Haines is pleased to announce the acquisition of Binh Danh's Malakoff Diggins State Historic Park, 2024, by the National Gallery of Art, Washington, D.C.
Danh reconfigures traditional photographic techniques and processes in unconventional ways to delve into the connection between history, identity, and place. For over a decade, the artist has traveled across the American West, making daguerreotypes of US National Parks on silver plates in a mobile darkroom he calls Louis, after Louis Daguerre.

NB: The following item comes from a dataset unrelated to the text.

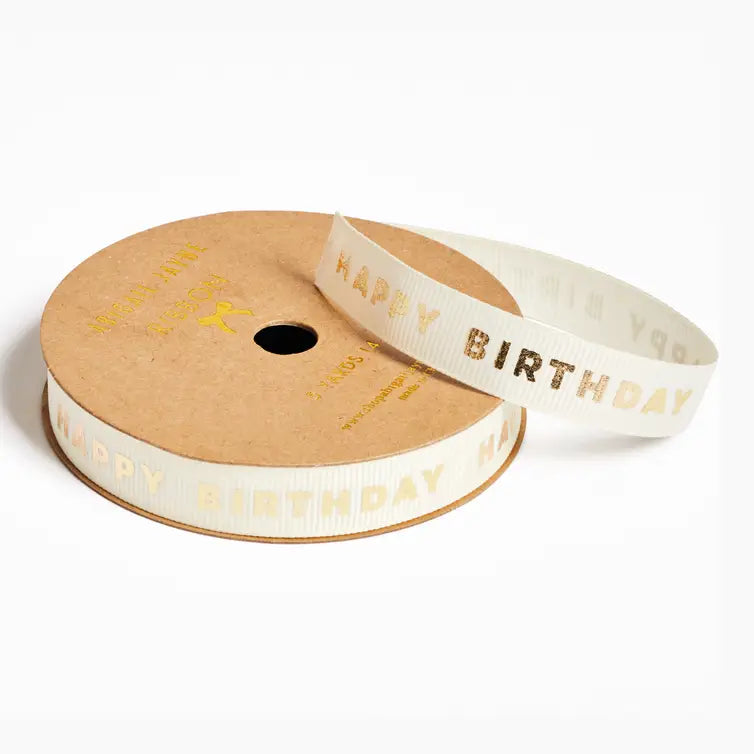 A roll of white ribbon with gold foil &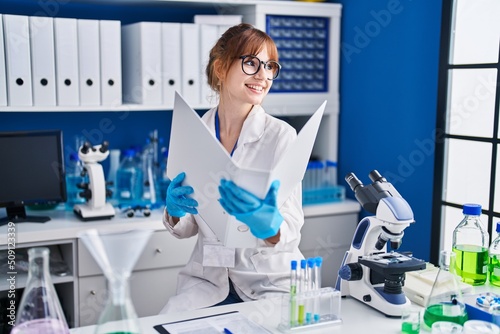 Young woman scientist smiling confident reading report at laboratory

Danh extends the pursuit of pioneering photographers such as Ansel Adams and Carleton Watkins, whose iconic images the artist had seen long before stepping foot in these parks, while imbuing this scenery with his distinctly personal perspective — namely, an attempt to negotiate his connection as a Vietnamese American with the landscape and history of the United States. The highly reflective surfaces of his contemporary daguerreotypes literally mirror their surroundings, enabling people of all backgrounds to see themselves as a part of the American landscape.
Established as a California state historic park in 1965, Malakoff Diggins was once the largest hydraulic mining site in California, where high pressure hydraulic jets were used to erode the mountainside and extract gold deposits. Legal battles between the North Bloomfield Gravel Mining Company and nearby agricultural towns resulted in the first environmental protection legislation in the United States in 1884, though mining operations at Malakoff Diggins would continue for another two decades. Danh’s work joins an image of the same site by Carleton Watkins taken in 1871, also in the collection of the National Gallery.